Short descriptive text snippets:
========================================

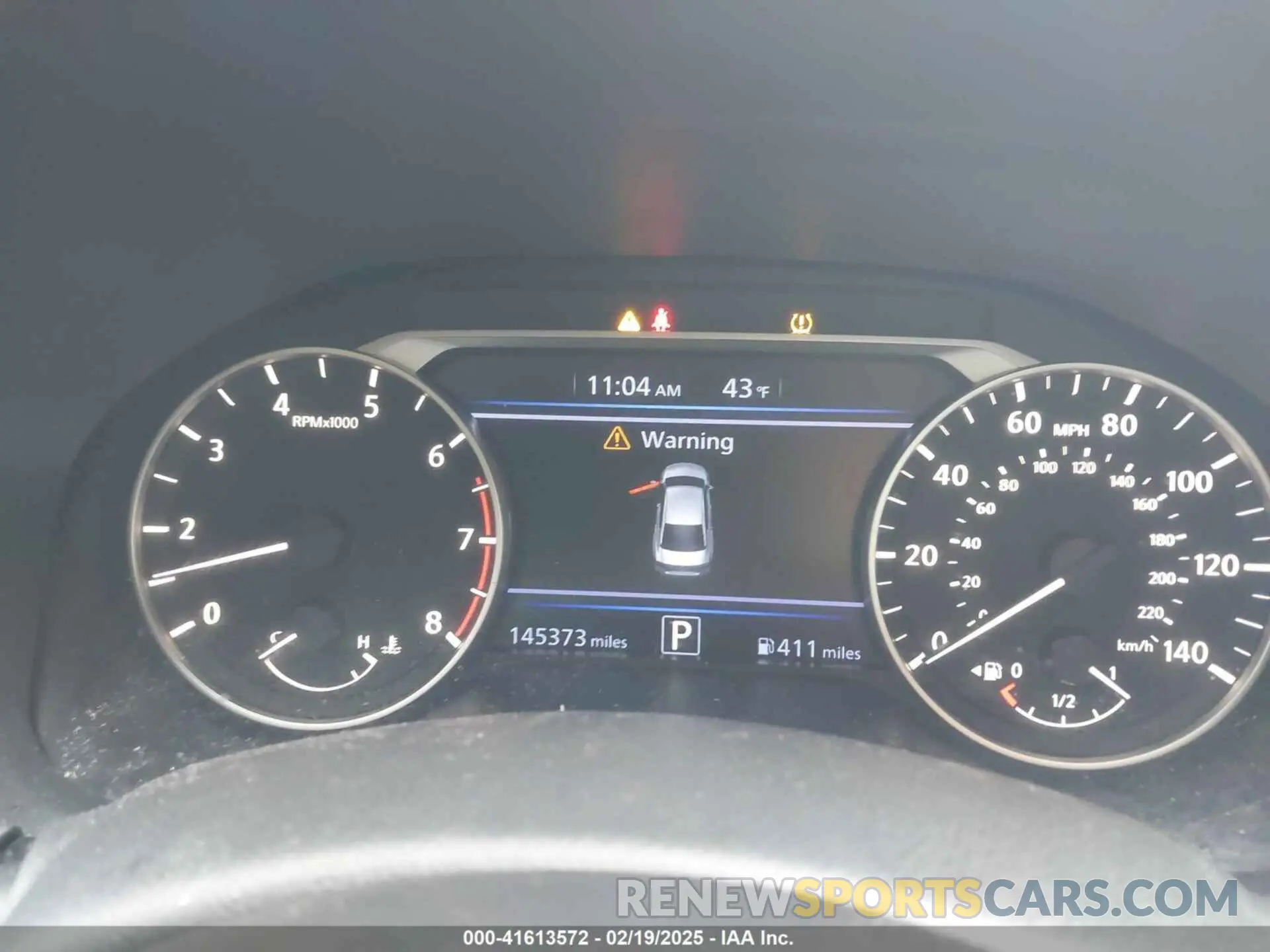 15 fotografías del automóvil dañado 1N4BL4BV3KC248525 NISSAN ALTIMA 2019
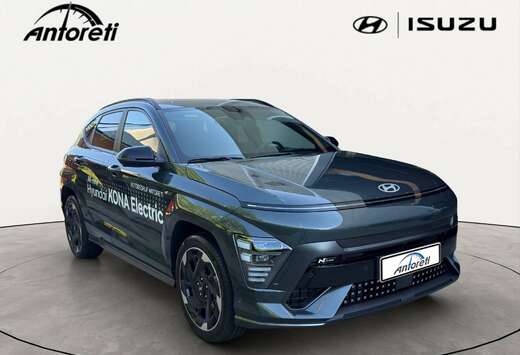 Hyundai e-Kona 65 kWh Shine N-Line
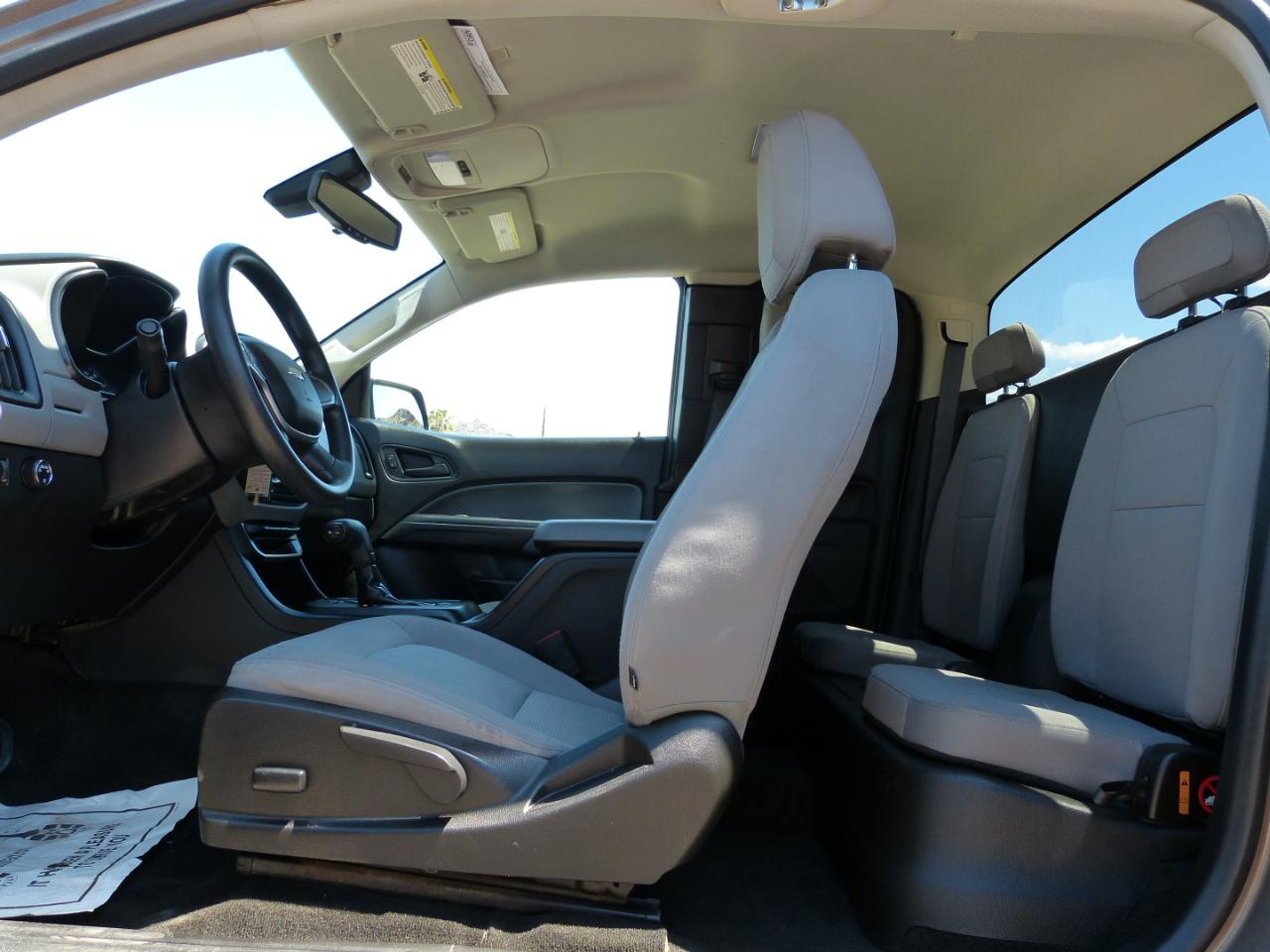 Chevrolet Colorado Work Truck Ext. Cab 2WD 2016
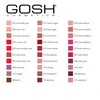 "Gosh Velvet Touch" lūpų dažai 122 Nougat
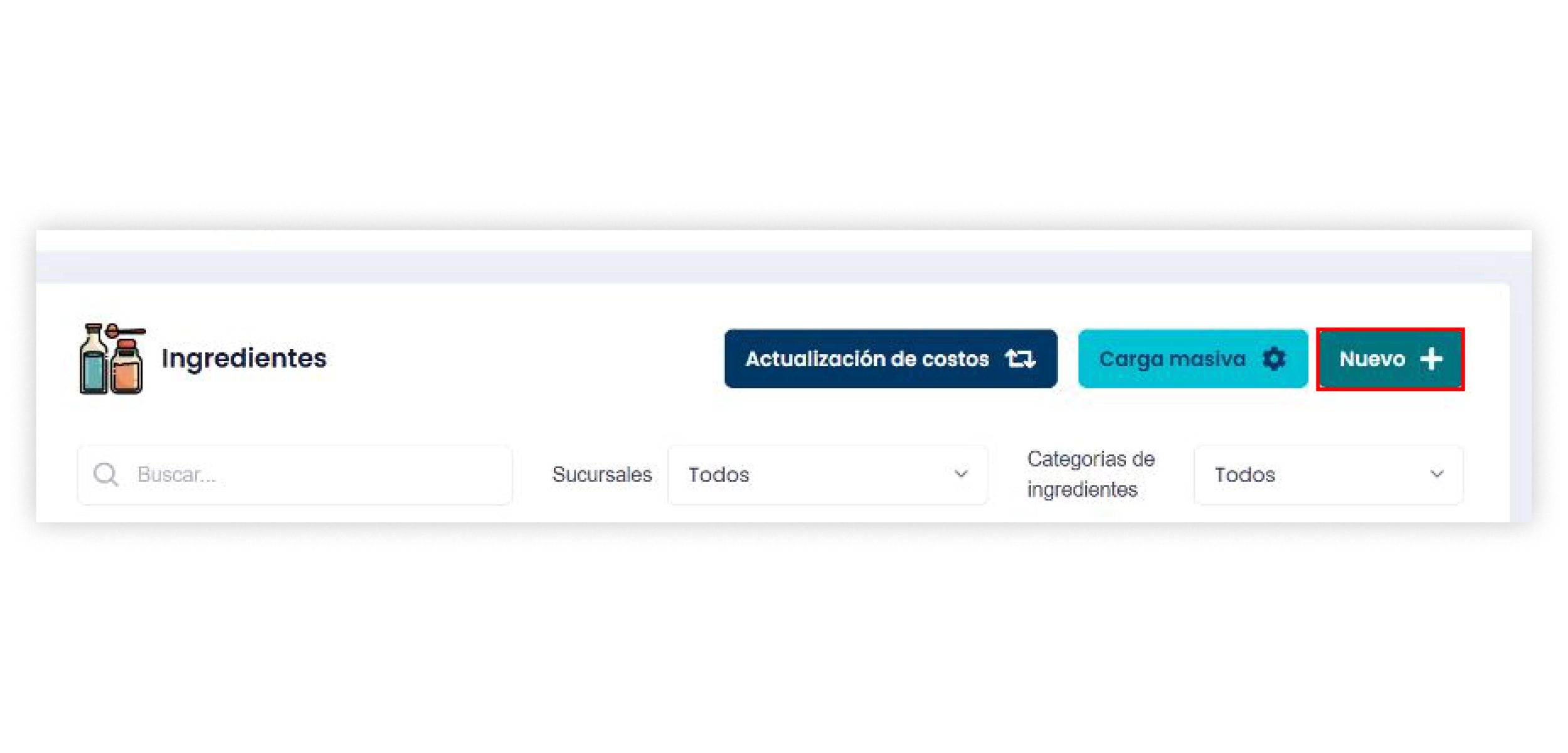 5 - ingredientes 5 - ingredientes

========================================

Output the data above exactly. Drop every picture.

 15 fotografías del automóvil dañado 1N4BL4BV3KC248525 NISSAN ALTIMA 2019
 Hyundai e-Kona 65 kWh Shine N-Line
 Chevrolet Colorado Work Truck Ext. Cab 2WD 2016
 "Gosh Velvet Touch" lūpų dažai 122 Nougat
 5 - ingredientes 5 - ingredientes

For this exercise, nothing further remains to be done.